While the upfront capital cost of solar powered pumps is higher than traditional pumps, a lucrative payback economics of 3-5 years is possible given the high operating cost for diesel pumps.
Indian government led by the Ministry of New & Renewable Energy (MNRE) has placed a substantial emphasis on further penetration of solar PV power pumps with a vision to replace existing 26 million pumps with more efficient solar power pumps.
In the Union Budget, the Finance Minister announced a ₹ 415 crore package for installing 100,000 solar powered pump sets. In November 2014, the government launched a programme for promoting 30,000 solar pumping systems per year for the purpose of irrigation.
The programme will be implemented alongside state governments. MNRE will provide a subsidy of 30 per cent (maximum amount is capped per category of pump) and soft loan at 5 per cent with an additional subsidy from state governments.
Rajasthan has been a pioneer in promoting solar water pumps, and offers an additional subsidy of 56 per cent over and above the MNRE subsidy, which means that the solar water pump owner gets 86 per cent subsidy in total.
In Tamil Nadu, a total of 80 per cent subsidy is provided, whereas in Punjab, the total subsidy comes to about 70 per cent. Maharashtra has recently proposed a plan to provide 5 lakh solar pumps to farmers and is in the process of formalizing the program.
In spite of favourable macro-economic and government support, solar power pumps have still lagged considerably vis-a-vis diesel power pump addition. Total installed solar pumps are merely 25,000 vis-a-vis 10 mn installed diesel pumps.
So, what is the reason for this limited penetration?
Firstly, solar power pumps have a substantially higher capex vis-a-vis diesel pumps. With limited capability of upfront payment, the market is heavily dependent on government subsidies. While subsidies are in place, it is typically very difficult to make use of these payments (especially the state portion)
Secondly, the solar pumps are not portable unlike diesel pumps. Movable pumps protect from theft and can be easily rented out. Lastly, diesel pumps have a higher degree of user confidence vis-a-vis solar pumps which have limited track record.
We believe solar pumps provide an exceptional opportunity to not only improve the productivity of farm lands but also substantially improve the energy security of the nation and reduce the subsidy bill.
However, in order to realise the utmost potential, several steps need to be taken.
Firstly, in our view, heavily subsidised model is not feasible in the long run.
Emergence of PPP model to install these pumps on a pay per use basis by private entrepreneurs would assist in increasing the market penetration.
Pay per use model would enable shared usage of solar pump infrastructure by multiple farmers. This will result in deeper penetration amongst marginal farms and maximum utilization of the system resulting in lower payback period. This model has worked quite well in rural micro and mini grid installations in India.
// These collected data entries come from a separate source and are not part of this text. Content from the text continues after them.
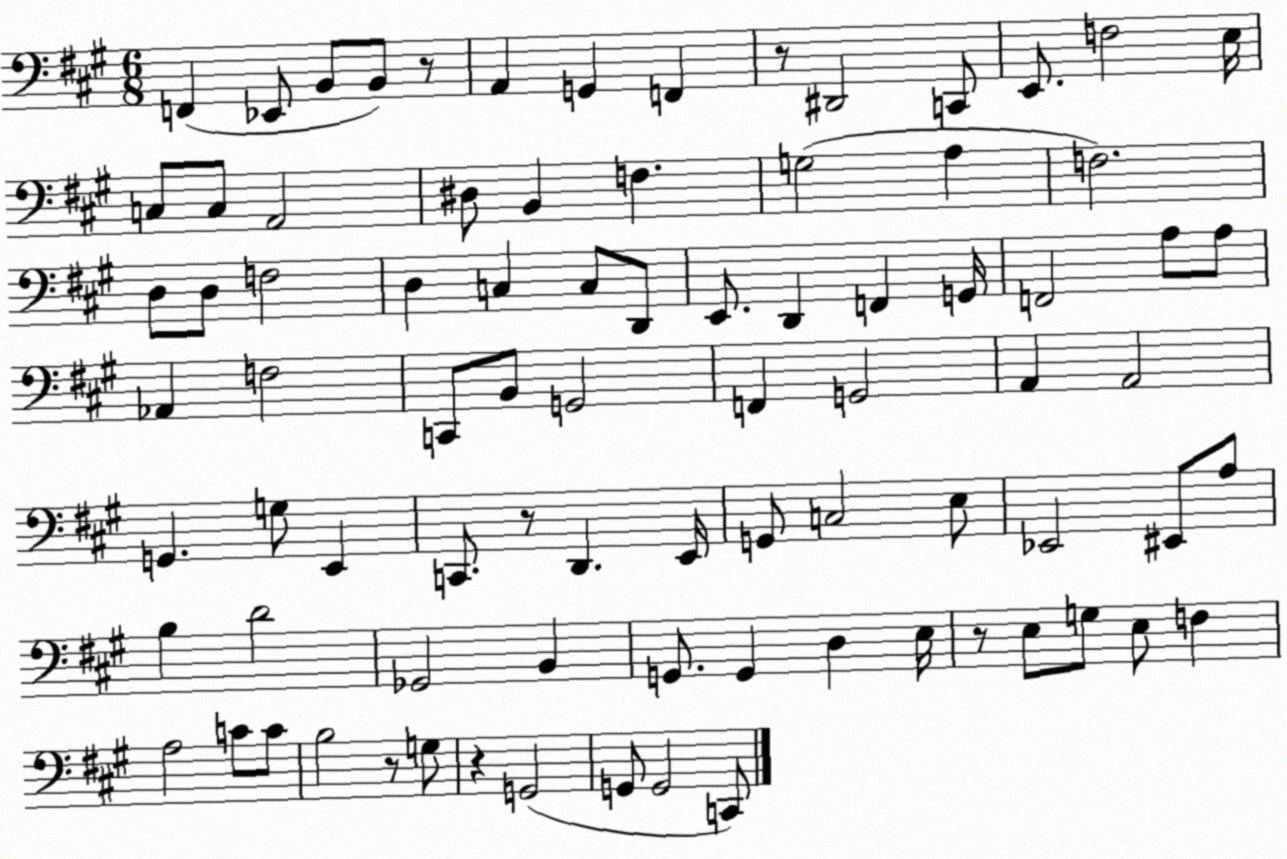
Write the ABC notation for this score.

X:1
T:Untitled
M:6/8
L:1/4
K:A
F,, _E,,/2 B,,/2 B,,/2 z/2 A,, G,, F,, z/2 ^D,,2 C,,/2 E,,/2 F,2 E,/4 C,/2 C,/2 A,,2 ^D,/2 B,, F, G,2 A, F,2 D,/2 D,/2 F,2 D, C, C,/2 D,,/2 E,,/2 D,, F,, G,,/4 F,,2 A,/2 A,/2 _A,, F,2 C,,/2 B,,/2 G,,2 F,, G,,2 A,, A,,2 G,, G,/2 E,, C,,/2 z/2 D,, E,,/4 G,,/2 C,2 E,/2 _E,,2 ^E,,/2 A,/2 B, D2 _G,,2 B,, G,,/2 G,, D, E,/4 z/2 E,/2 G,/2 E,/2 F, A,2 C/2 C/2 B,2 z/2 G,/2 z G,,2 G,,/2 G,,2 C,,/2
Support could be provided to these entrepreneurs via soft loans. Subsidies could be better utilized in undertaking R&D efforts to reduce the initial capex of these products which would be more productive in the long run
Secondly, no power cost in solar powered pumps, poses the risk of over usage by farmers, resulting in wastage and affecting the water table. Pay per use model stated above could assist in reducing the wastage. Further usage of solar pumps should be accompanied by efficient mechanisms such as drip irrigation and water storage facility – most of the subsidy schemes have already included this as a requirement
Further, a strong local eco-system needs to be created to promote and provide cost effective O&M solutions for the system. This will not only assist in cost effective maintenance of the system but will also increase rural employment
Finally, educational and promotional campaigns to explain the economical and social impacts of solar pumps vis-a-vis traditional pumps would be critical to increase the penetration and acceptability of the products amongst farmers.
(The writer is Managing Director, Investment Banking at YES Bank)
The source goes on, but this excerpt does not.